Microsoft a annoncé que son équipe de sécurité a découvert une nouvelle souche de malware qui se propage via les clés USB et récupère spécifiquement les informations d'identification du portefeuille cryptographique sur les ordinateurs Windows. La menace, baptisée Trojan/CryptoBandits, cible les clés privées et les phrases de départ liées aux portefeuilles Bitcoin et Ethereum, exposant potentiellement des actifs évalués aux prix actuels du marché. Les investisseurs qui s'appuient sur des applications blockchain doivent savoir que le malware fonctionne silencieusement, sans alertes visibles.
Mécanismes des logiciels malveillants
Le vecteur d'infection repose sur des fichiers de raccourci malveillants portant l'extension « .lnk » ; lorsqu'un utilisateur ouvre le fichier déguisé, des scripts cachés lancent un ver qui s'intègre dans le système d'exploitation. Une fois actif, le ver s’exécute en continu, exécutant un code de vol de portefeuille tout en se préparant simultanément à compromettre tout périphérique USB supplémentaire connecté ultérieurement. L'antivirus Defender de Microsoft a signalé l'activité comme un crypteur, notant que le ver se propage de manière autonome sur les supports amovibles.
Après l'installation, le logiciel malveillant surveille le presse-papiers à intervalles d'une demi-seconde pour capturer les phrases de départ ou les clés privées copiées, puis achemine les données volées via le réseau Tor vers des serveurs contrôlés par les attaquants. Il enregistre également des captures d'écran toutes les dix secondes, rassemblant un contexte visuel qui pourrait faciliter l'extraction ultérieure des informations d'identification. Ces actions se produisent en parallèle, garantissant que la charge utile reste efficace tout en minimisant les risques de détection.

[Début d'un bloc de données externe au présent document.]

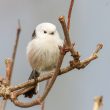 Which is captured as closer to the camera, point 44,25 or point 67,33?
point 67,33

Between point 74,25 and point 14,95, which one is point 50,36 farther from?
point 14,95

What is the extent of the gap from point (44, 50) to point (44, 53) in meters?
0.02

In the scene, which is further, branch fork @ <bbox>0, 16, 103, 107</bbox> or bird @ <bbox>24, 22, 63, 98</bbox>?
bird @ <bbox>24, 22, 63, 98</bbox>

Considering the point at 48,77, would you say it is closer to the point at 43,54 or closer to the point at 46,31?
the point at 43,54

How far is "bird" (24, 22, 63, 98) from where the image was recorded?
1.40 m

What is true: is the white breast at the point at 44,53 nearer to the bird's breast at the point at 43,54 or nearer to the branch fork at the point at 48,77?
the bird's breast at the point at 43,54

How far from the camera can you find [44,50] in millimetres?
1426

Impact sur les parties prenantes de la cryptographie
Pour les investisseurs en cryptomonnaies, le malware constitue une menace directe pour la sécurité du portefeuille, permettant potentiellement des transactions non autorisées qui contournent le consentement de l'utilisateur. En siphonnant les clés privées Bitcoin et Ethereum, la menace pourrait déclencher des fluctuations soudaines du marché si de grandes quantités sont déplacées illégalement, affectant la stabilité des prix et la confiance des investisseurs. La nature secrète du vol de presse-papiers signifie que même les utilisateurs vigilants peuvent exposer par inadvertance leurs actifs tout en copiant les informations d'adresse.
Microsoft conseille aux utilisateurs de désactiver les fonctionnalités d'exécution automatique sur les lecteurs amovibles, de vérifier la légitimité des fichiers de raccourci et de maintenir à jour les signatures de Defender Antivirus. Renforcer la sécurité du portefeuille via des périphériques matériels et éviter le stockage de clés privées sur les machines Windows peut atténuer le risque posé par ce malware émergent axé sur la cryptographie.